I received a letter during the week from Fr. Paddy Finn, Parish Priest of Donard, Dunlavin and Davidstown, Co. Wicklow enclosing a copy of his parish magazine “Parish Link”. It’s an excellent publication, which I see is produced by a number of lay people, but its interest for me lay in a short piece on a former Parish Priest of Dunlavin, Canon John Hyland.
Like Paddy Finn, Canon Hyland was an Athy man. He was born in 1793, two years after the Grand Canal was extended to Athy and in the same year that the United Irishmen embarked on the long road which would end in the 1798 Rebellion.
Hyland was a common enough name in Athy at the turn of the 18th century. A John Hyland had his house near the upper Turnpike gate of the town, as was mentioned in information sworn by a local man, who observed the comings and goings of the United Irishmen and reported on them to Dublin Castle. A Robert Hyland was conductor of the canal boat which was robbed of its cargo while berthed overnight at the canal harbour, Athy on the 7th of December 1797. The cargo included 50 stands of arms and 1,000 ball cartridges all intended for a corp of Yeomen Infantry in Leighlinbridge, Co. Carlow. The loss, at the hands of what was believed to be the local United Irishmen, prompted Captain Eskine of the local military barracks, with a party of dragoons, to search every house in Athy. As a result many local men were arrested and lodged in White's Castle jail.

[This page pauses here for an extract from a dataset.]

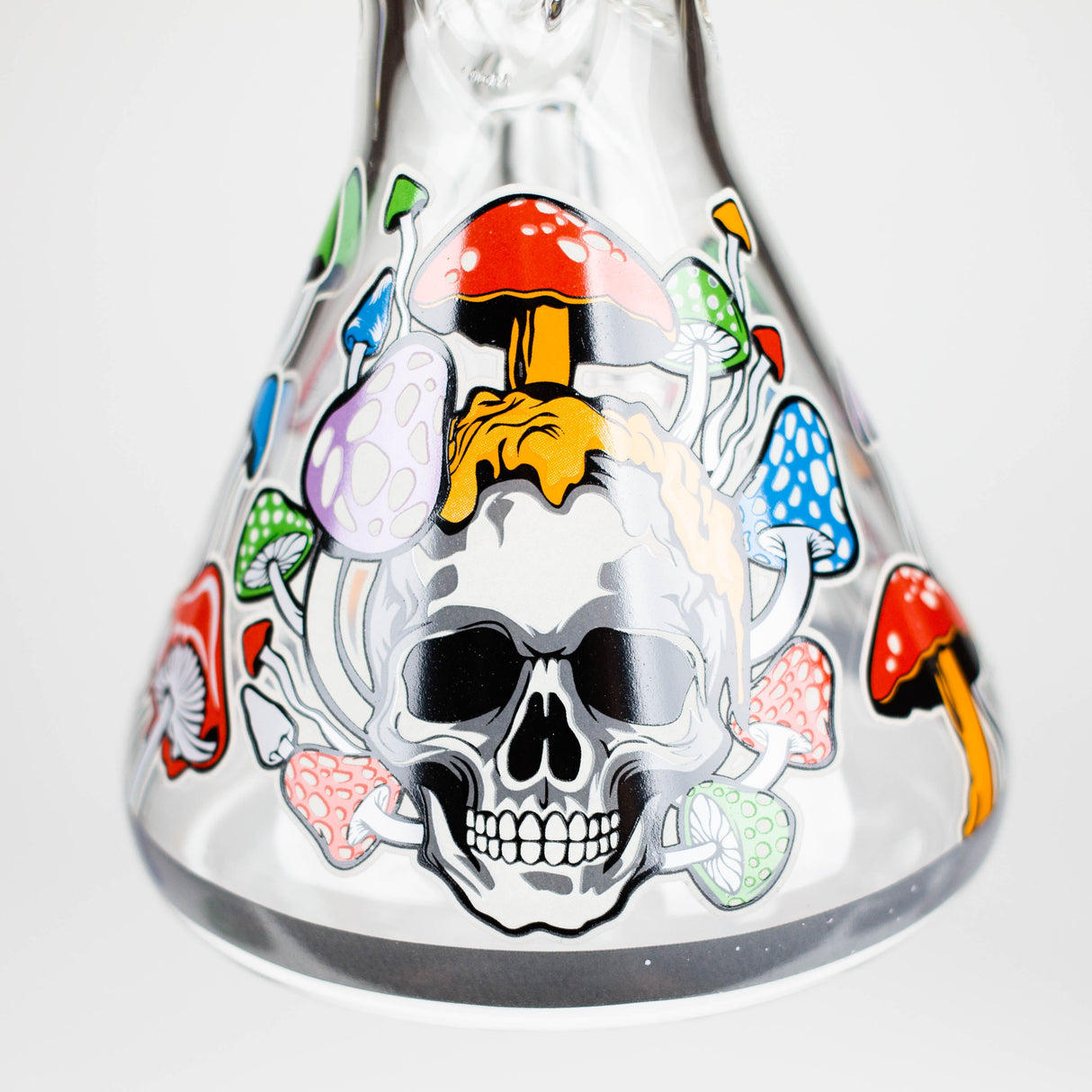 Z10" Glow in the dark Glass Bong With Mushroom Skull Design Glass Bong 777 Smoke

What connection the future Canon Hyland had with any of the aforementioned Hylands I cannot say, but by the time he left Athy in 1813 to enter Maynooth College, he was undoubtedly familiar with the unrest among the workers and tenant farmers of South Kildare. This had led to several local people claiming in correspondence addressed to Dublin Castle that “Athy and its neighbourhood is full of arms” and that “Protestant minds in the vicinity are in great alarm in consequence of rumours of intended rebellion”. No such rebellion took place. Athy and District had already suffered enormously during the earlier 1798 period and to a lesser extent during the Robert Emmet Rebellion of 1803.
John Hyland distinguished himself as a student of theology while in Maynooth College, and following his ordination, he was appointed Chaplain to the Presentation Convent at George’s Hill, Dublin. He was politically active, as was not unusual for Catholic clergy, in those pre-Catholic Emancipation days. When the Catholic Association was re-established in 1823 by Daniel O’Connell and Richard Lalor Sheil, Fr. John Hyland became a member. Every Irish adult was encouraged to join the Catholic Association and to contribute one penny a month to fund the fight for Catholic emancipation. This money, collected at church gates throughout the country, earned for O’Connell the title “King of the Beggars” and was known as “the Catholic rent”. The funding, which priests like Fr. John Hyland helped to put into the coffers of the Catholic Association, secured its success and culminated in the Catholic Emancipation Act of 1829.
Two years previously, Fr. Hyland was appointed Parish Priest of Dunlavin, where he was to remain until he died in September 1862. Archbishop Paul Cullen of Dublin, who was to be appointed the first Irish Cardinal in 1866, presided at his funeral obsequies in the Church of St. Nicholas, Dunlavin. Although the Athy-born Canon was ten years older than the Ballytore-born Archbishop, a common South Kildare background guaranteed a strong bond of friendship between both men. Canon Hyland was buried in the vault in the centre of the nave of St. Nicholas’ Church, Dunlavin where Paddy Finn, another native of Athy, is now the Parish Priest.
Canon John Hyland and Fr. Paddy Finn, while separated by over 130 years of Irish history, are linked by youthful years spent in the same South Kildare town, where the Grand Canal and River Barrow meet.